* _WHAT THIS TASK INVOLVES_
Because the copy must hold no pictures, return the data below with all of its words intact.

* _INFORMATION SUPPLIED_
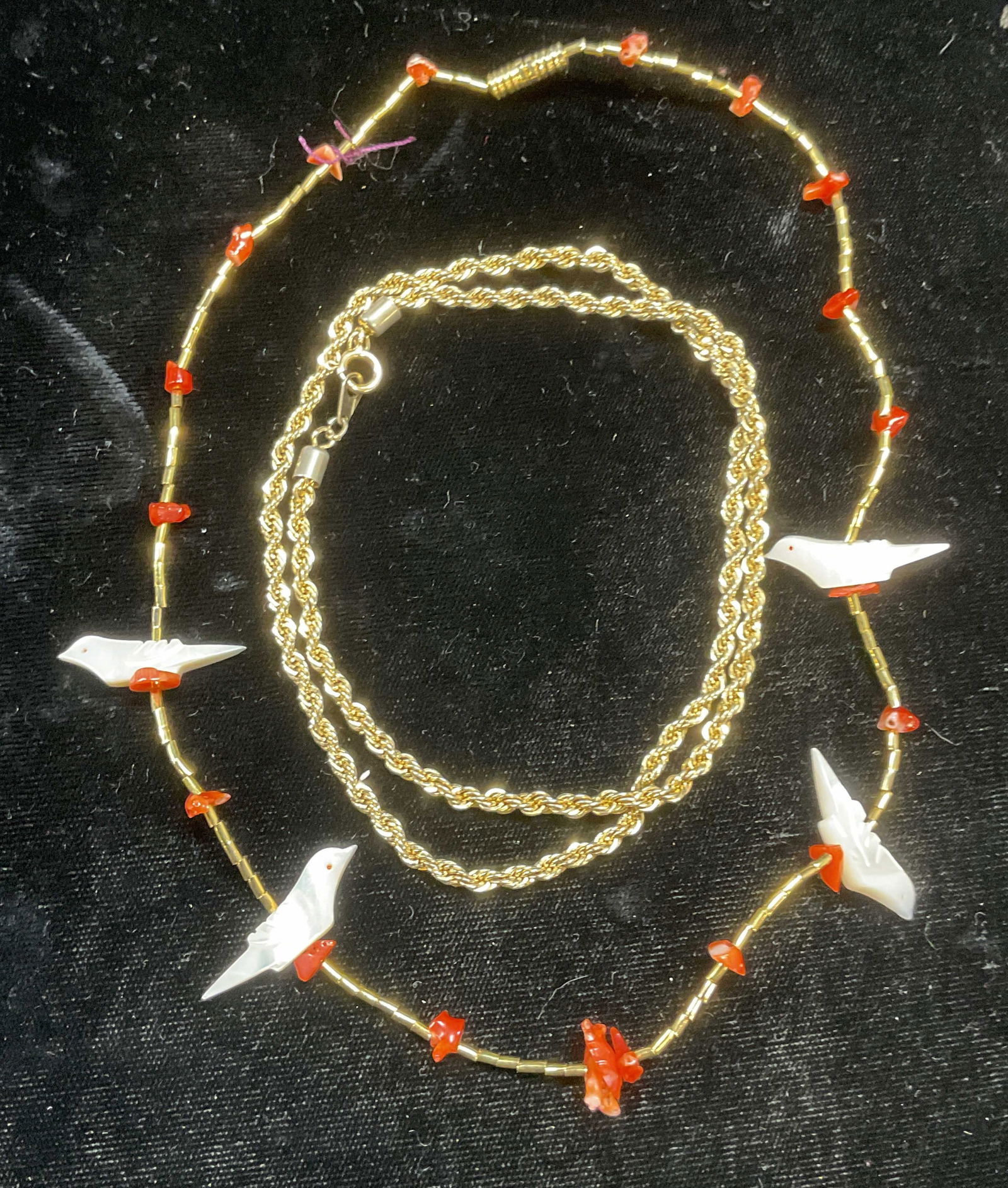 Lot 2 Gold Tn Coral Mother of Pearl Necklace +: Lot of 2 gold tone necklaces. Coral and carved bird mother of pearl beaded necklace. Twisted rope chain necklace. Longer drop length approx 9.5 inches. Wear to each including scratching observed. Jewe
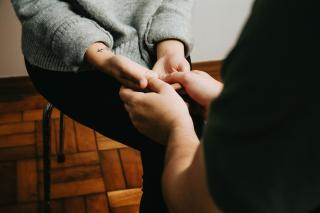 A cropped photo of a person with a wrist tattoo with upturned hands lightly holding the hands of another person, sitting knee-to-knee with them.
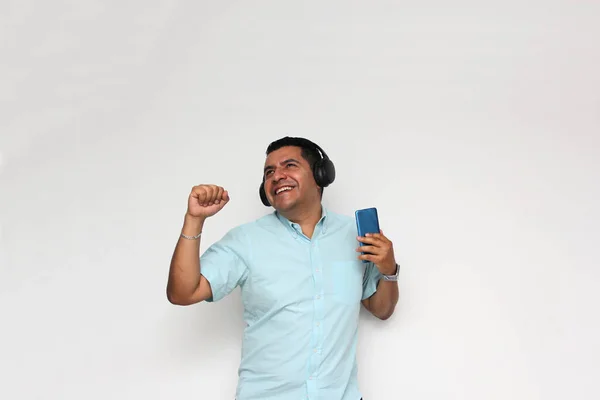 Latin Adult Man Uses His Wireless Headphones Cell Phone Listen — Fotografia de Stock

* _OUTPUT_
 Lot 2 Gold Tn Coral Mother of Pearl Necklace +: Lot of 2 gold tone necklaces. Coral and carved bird mother of pearl beaded necklace. Twisted rope chain necklace. Longer drop length approx 9.5 inches. Wear to each including scratching observed. Jewe
 A cropped photo of a person with a wrist tattoo with upturned hands lightly holding the hands of another person, sitting knee-to-knee with them.
 Latin Adult Man Uses His Wireless Headphones Cell Phone Listen — Fotografia de Stock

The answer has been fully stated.